A questão é: com que agressividade a China irá se proteger do que parece cada vez mais um "conto do vigário". Economistas do Deutsche Bank AG em Frankfurt, por exemplo, estimam que a China reduzirá a participação de dólares (em suas reservas) para cerca de 45% neste ano, de mais de 70% em 2003.

Evidentemente, tendo se envolvido nesse arranjo, a China tem dificuldades para dele escapar. A função de sua economia é em larga medida vender produtos industrializados no exterior.

"Não estou sugerindo que esse modelo seja irrevogável", diz David Gilmore, sócio na Foreign Exchange Analytics, em Essex, Connecticut. "Como qualquer coisa em economia, o cenário evolui. Mas em meio a um desaquecimento mundial que o mundo não viu desde a Segunda Guerra Mundial, agora é a hora para que a China descarte o modelo econômico existente e adote um novo".

Desenvolver uma demanda interna é um objetivo de longo prazo que exige habilidade na condução de políticas e um nível elevado de tolerância a turbulência no curto prazo. Não está claro se 2009 é o ano em que deva ser promovida tal transição.

O melhor cenário para a China é que os consumidores americanos retomem a compra de seus produtos. A China tem auto-interesse em nada fazer que complique as coisas para a economia de maior porte.
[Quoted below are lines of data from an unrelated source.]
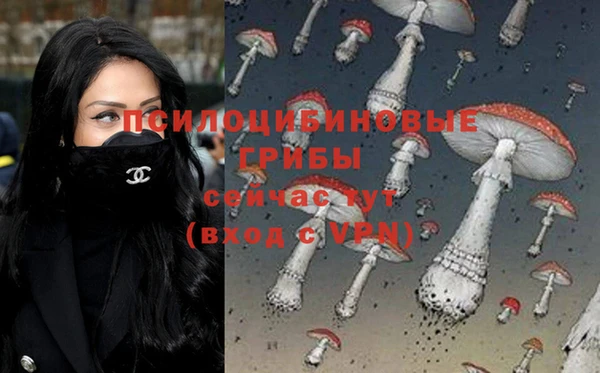 мефедрон Елабуга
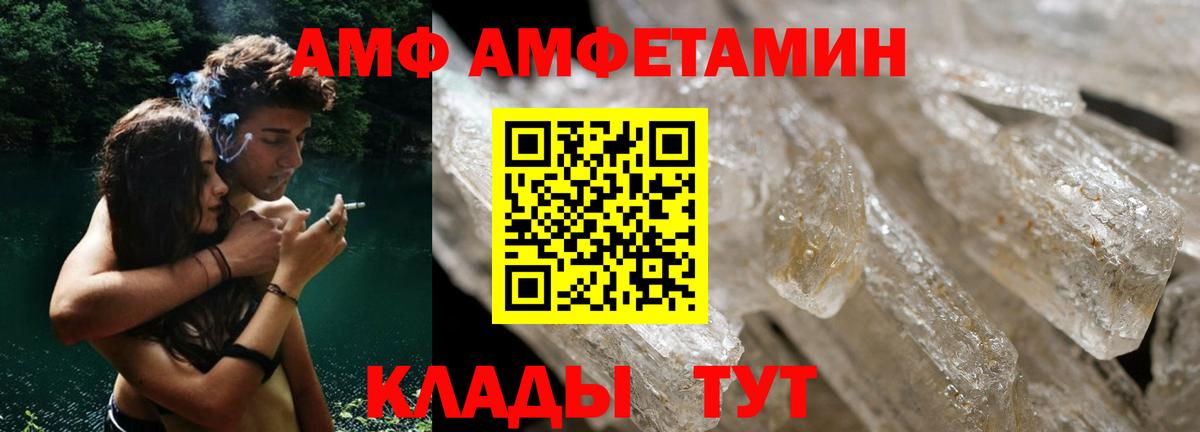 Amphetamine Premium Невинномысск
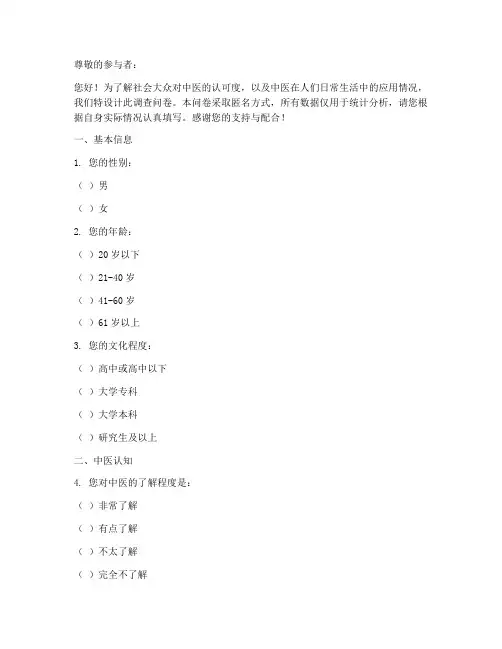 中医的认可度调查问卷模板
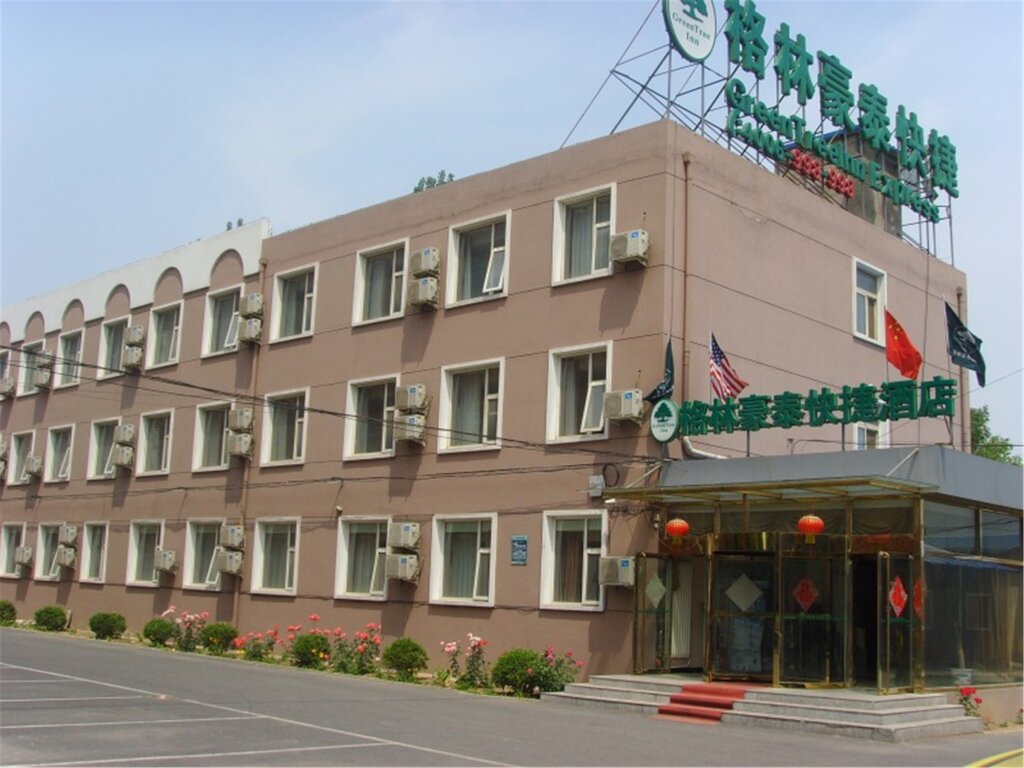 Номер Standard GreenTree Inn Beijing Shunyi Xinguozhan Express Hotel
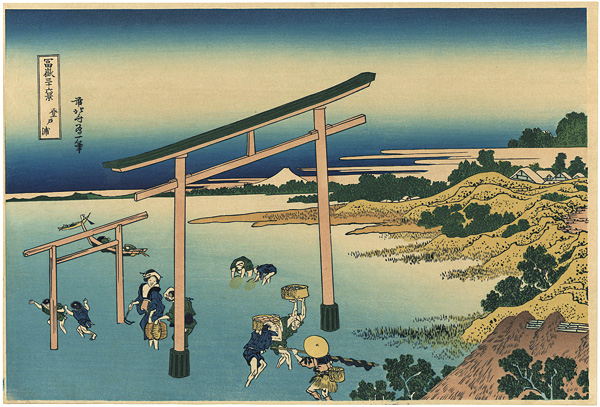 Hokusai “Thirty-Six Views of Mt. Fuji /  Noborito-ura (Noborito Bay)【Reproduction】”／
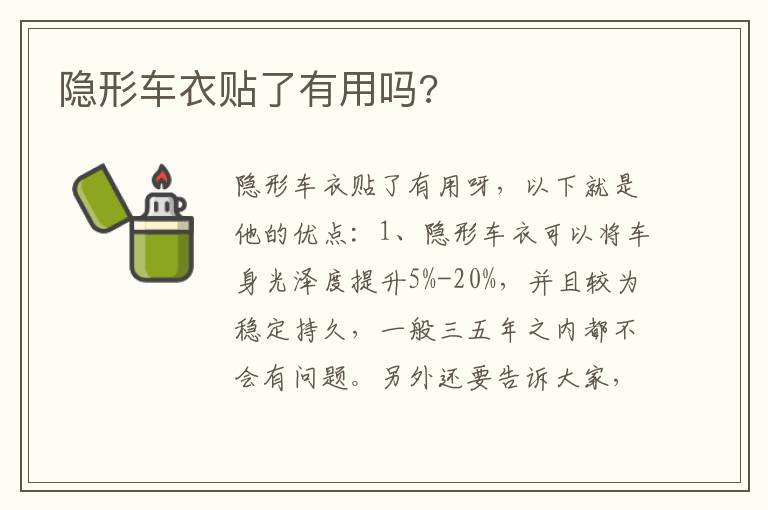 隐形车衣贴了有用吗 隐形车衣贴了有用吗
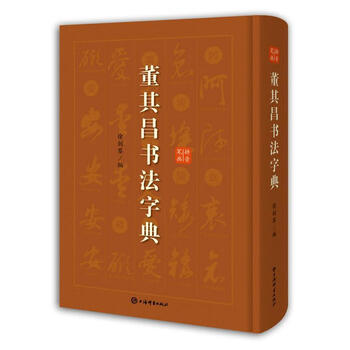 【新华正版】 董其昌书法字典 徐剑琴 编 上海辞书出版社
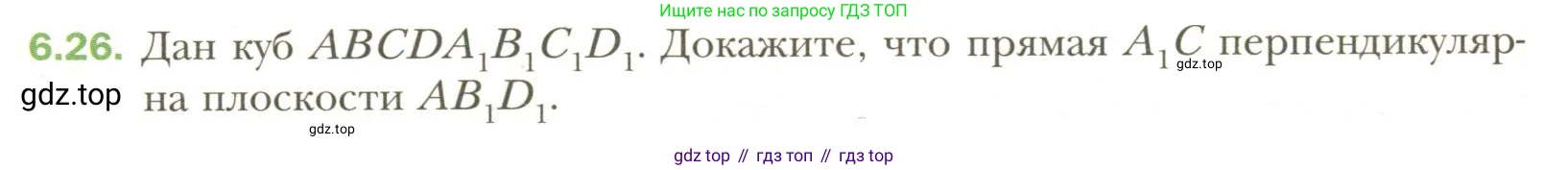 Геометрия, 11 класс Учебник, авторы: Мерзляк Аркадий Григорьевич, Номировский Дмитрий Анатольевич, Полонский Виталий Борисович, Якир Михаил Семёнович, издательство Просвещение, Москва, 2019, страница 49, номер 26, Условие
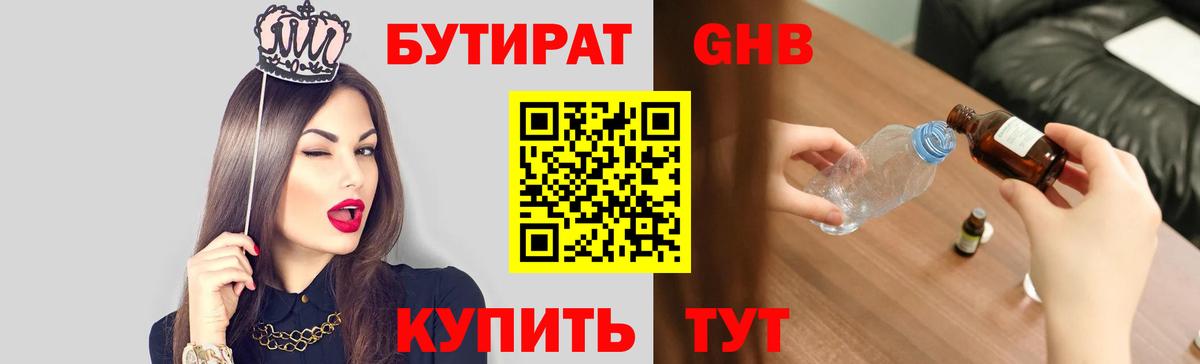 БУТИРАТ GHB Джанкой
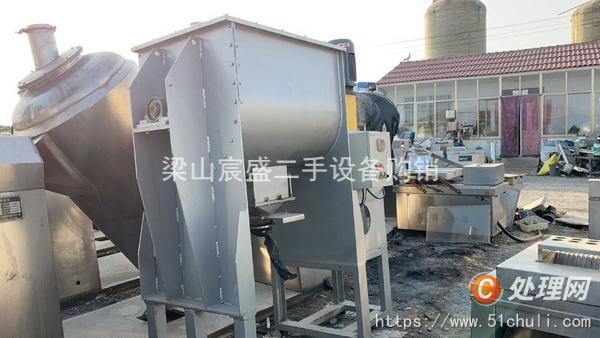 二手混合機
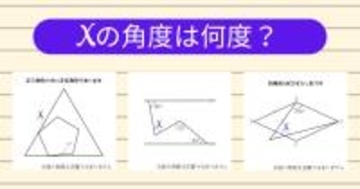 【角度当てクイズ Vol.2043】xの角度は何度？＜全3問＞
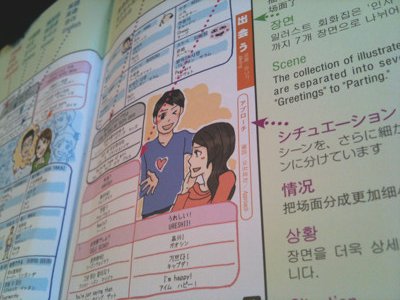 大人のイラスト会話集JAPAN - 中国語・韓国語・英語⇔日本語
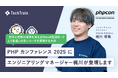 TechTrainエンジニアリングマネージャー梶川 琢馬が「PHPカンファレンス2025」に登壇決定!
Desfazer-se dos títulos do Tesouro americano ganharia as manchetes, precipitaria uma aversão ao dólar e prejudicaria o crescimento americano.

Isso não significa que a China deseje arriscar mais dinheiro num esquema Ponzi em seus estertores. O mundo está cheio de exemplos de como isso pode terminar. E a China, com sua população de 1,3 bilhão de pessoas, certamente poderia usar uma parte desse dinheiro em casa, num momento em que sua própria economia revela-se claudicante.